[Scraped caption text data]
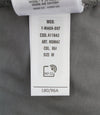 T-Shirt T-Wash-Out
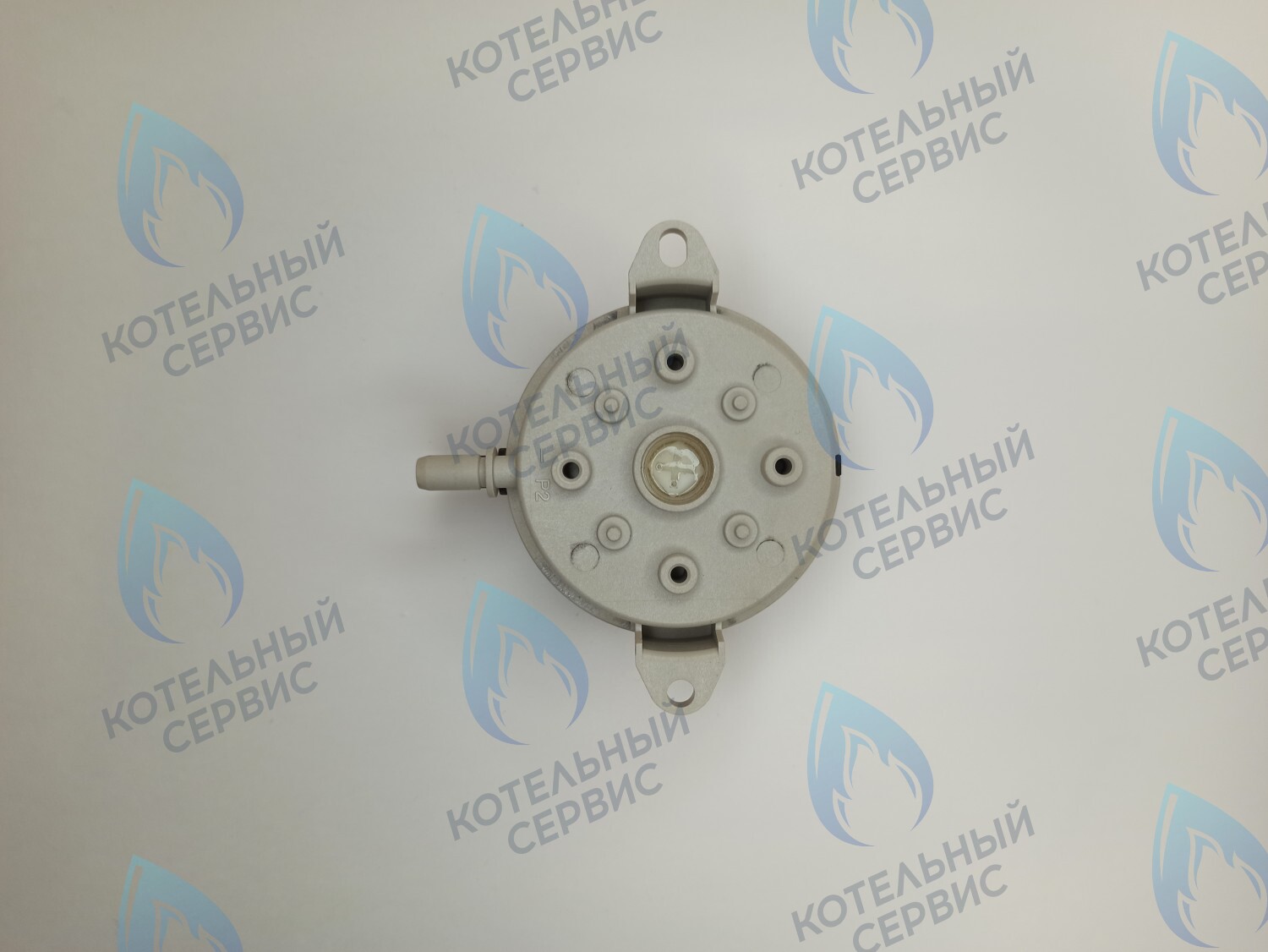 AP002-020 Реле давление воздуха (прессостат, маностат) 20 Pa NS2-2391-00 Лемакс Prime (21768-3-419) USA в Орске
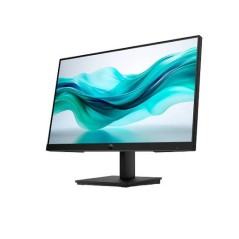 Moniteur HP S3 Pro 327pf FHD MNTR[B0CG3UT]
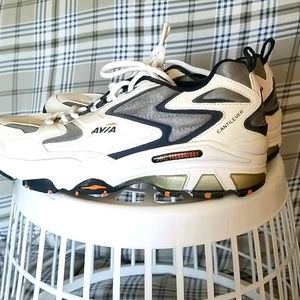 Avia new sneakers size 7.5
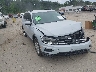 3VV1B7AX5JM****** Salvamento y Destrozados 2018 Volkswagen Tiguan en Atlanta North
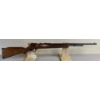 Image 3 : COOEY MODEL 600 IN .22 LR 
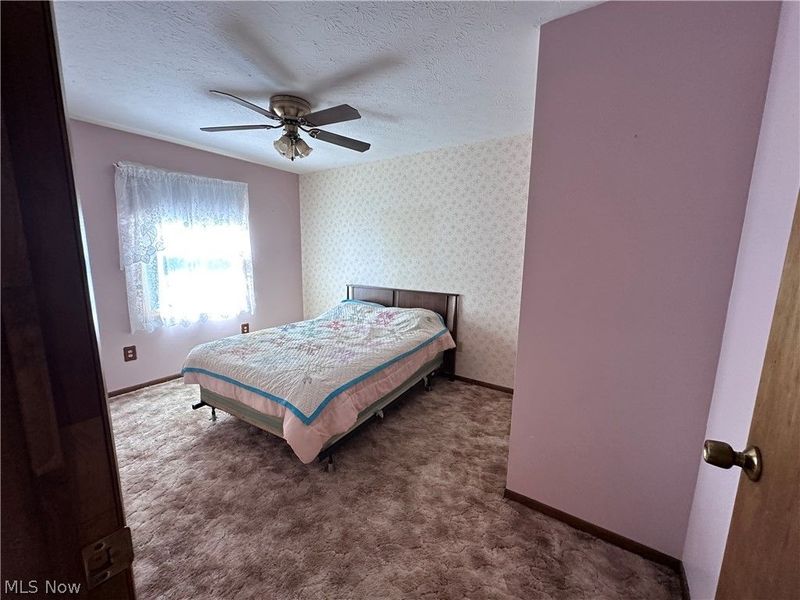 7193 Woodard Road , Andover, OH 44003 Photo 13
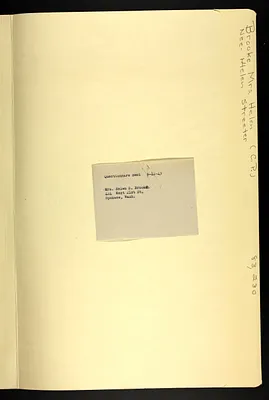 p. 8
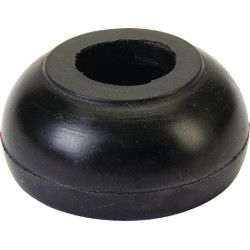 Sandarinimo žiedas AGW77449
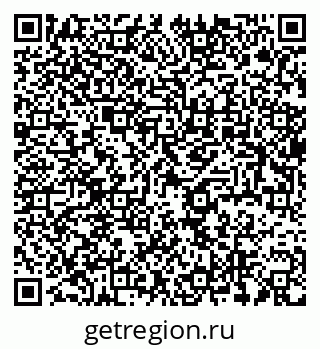 79637986430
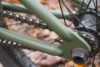 Bike Check 12 1 15 20 Copy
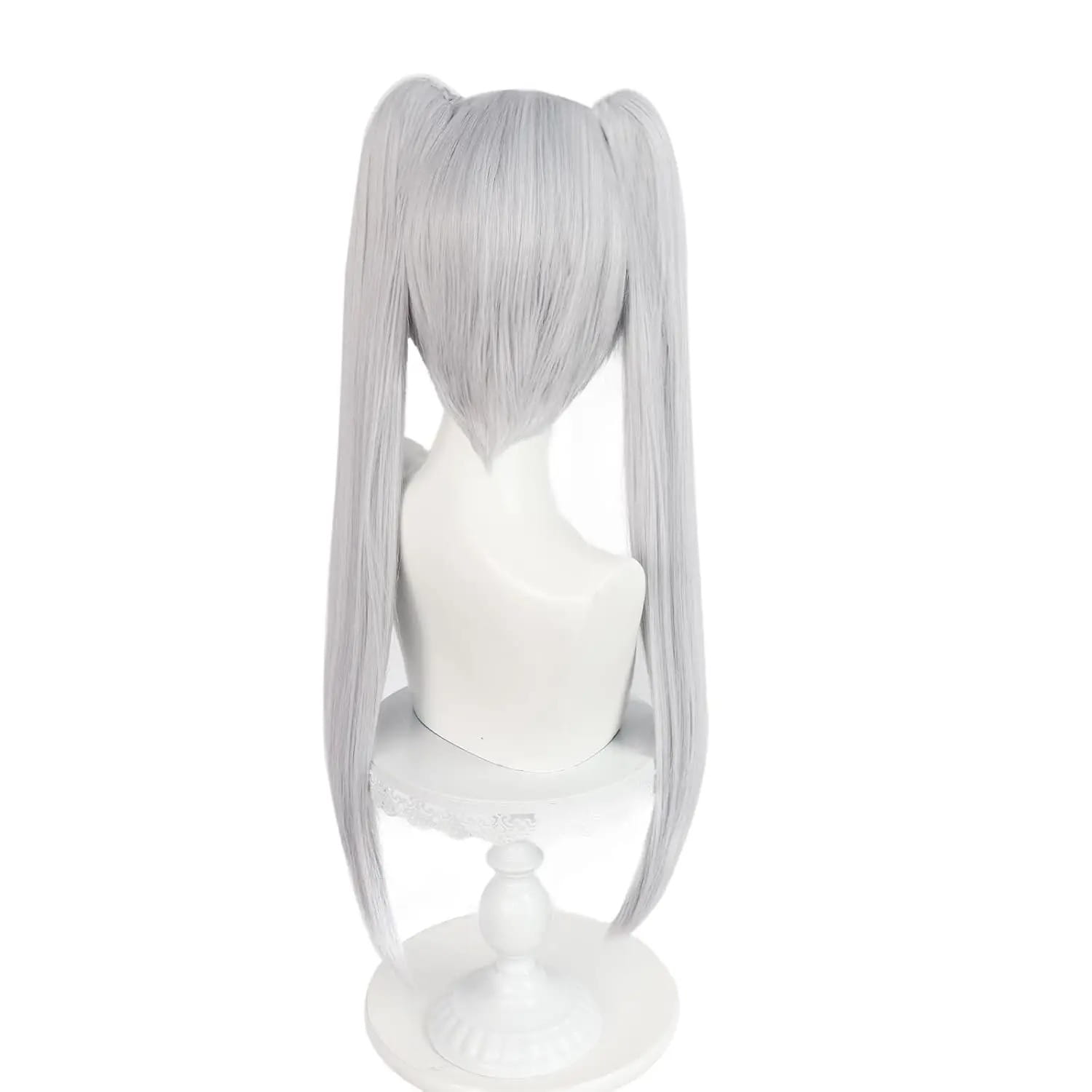 Cosplay Wig Anime Sousou no Frieren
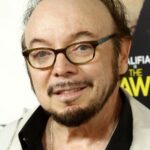 A Look into Bud Cort’s Career and Legacy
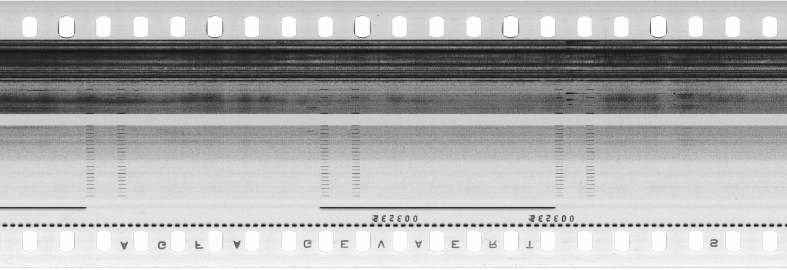 FR751142302_RDN_S_0181_1979_0057 PNG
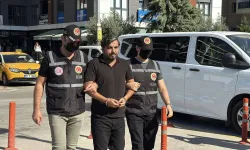 Tır dorsesinde yakalanan YouTuber Arif Kocabıyık tutuklandı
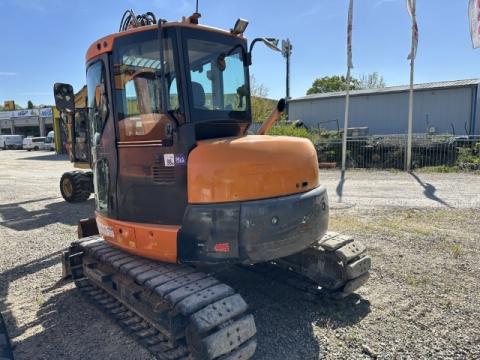 Komatsu PC 80 MR-3 IMG_1440 e4ce6e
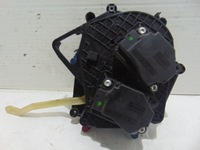 фото thumb №1, Моторчик крышка отопителя s60 ii 6g9n-19787-ba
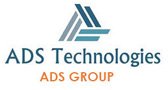 ADS Technologies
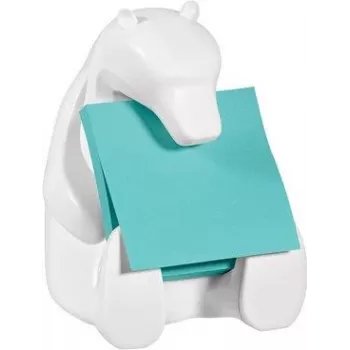 3m BEAR-330 balta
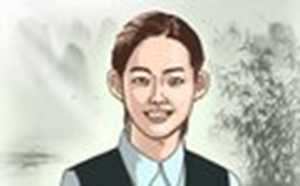二十四小时眼跳吉凶预兆(二十四小时眼跳吉凶预兆)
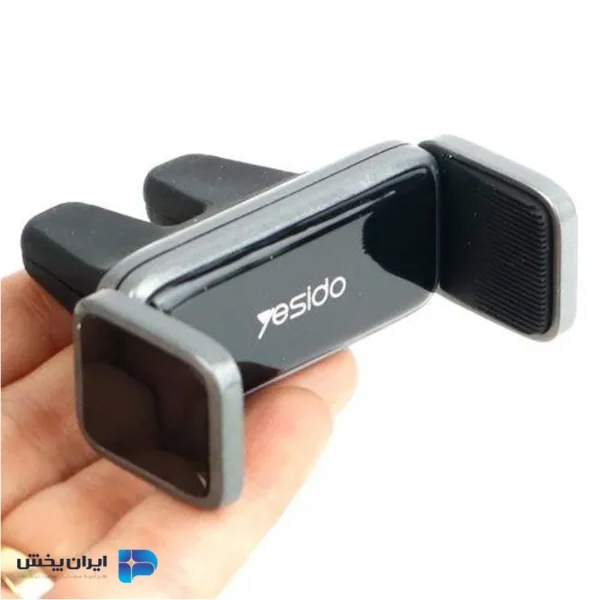 پایه نگهدارنده گوشی موبایل یسیدو مدل yesido c124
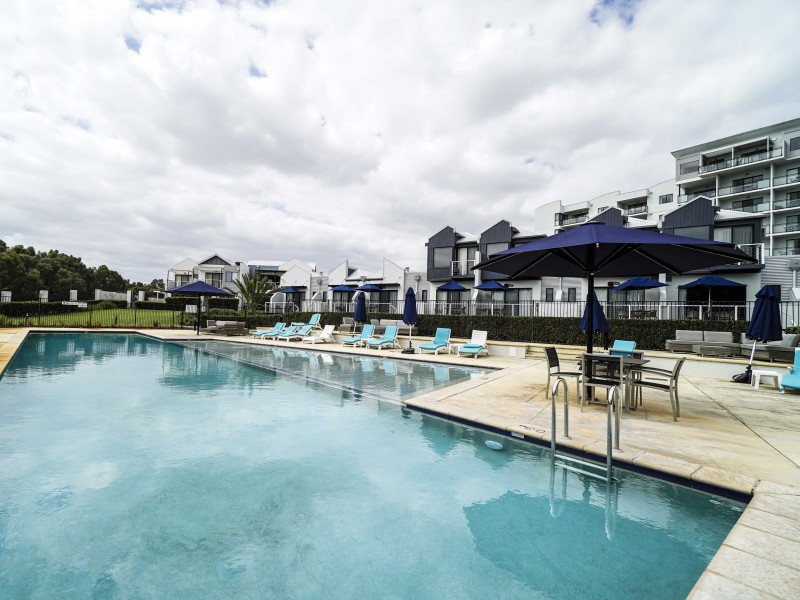 302/150 Great Eastern Highway, Ascot WA 6104
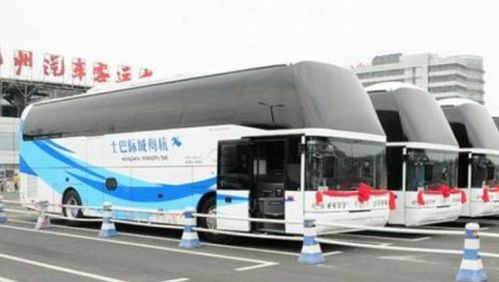 九堡客運中心有到新安江的直達車嗎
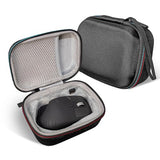Hard Eva Storage Case For Logitech Mx Master 3S/ Master 3/ Mx Master 2S Advanced Wireless Mouse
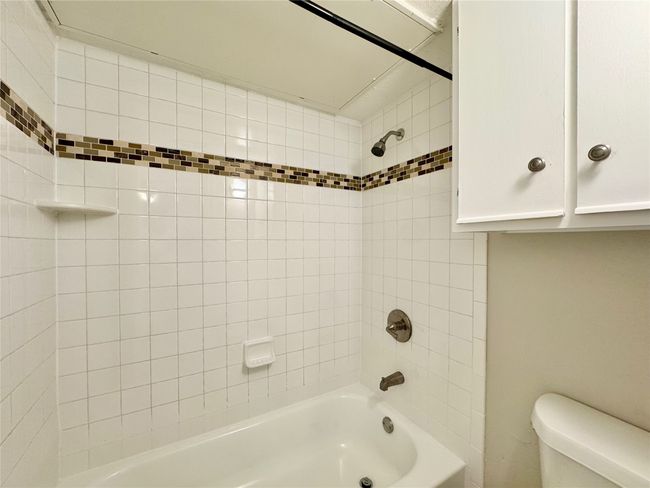 APT-103 - 4319 Mckinney Ave, Condo with 1 bedrooms, 1 bathrooms and null parking in Dallas TX | Image 14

*WHAT TO PRODUCE*. In the entries above, find the line containing "3m BEAR-330 balta" and the line containing "九堡客運中心有到新安江的直達車嗎", then copy both and every line between them exactly, without any picture.

*RESULT*.
 3m BEAR-330 balta
二十四小时眼跳吉凶预兆(二十四小时眼跳吉凶预兆)
 پایه نگهدارنده گوشی موبایل یسیدو مدل yesido c124
 302/150 Great Eastern Highway, Ascot WA 6104
 九堡客運中心有到新安江的直達車嗎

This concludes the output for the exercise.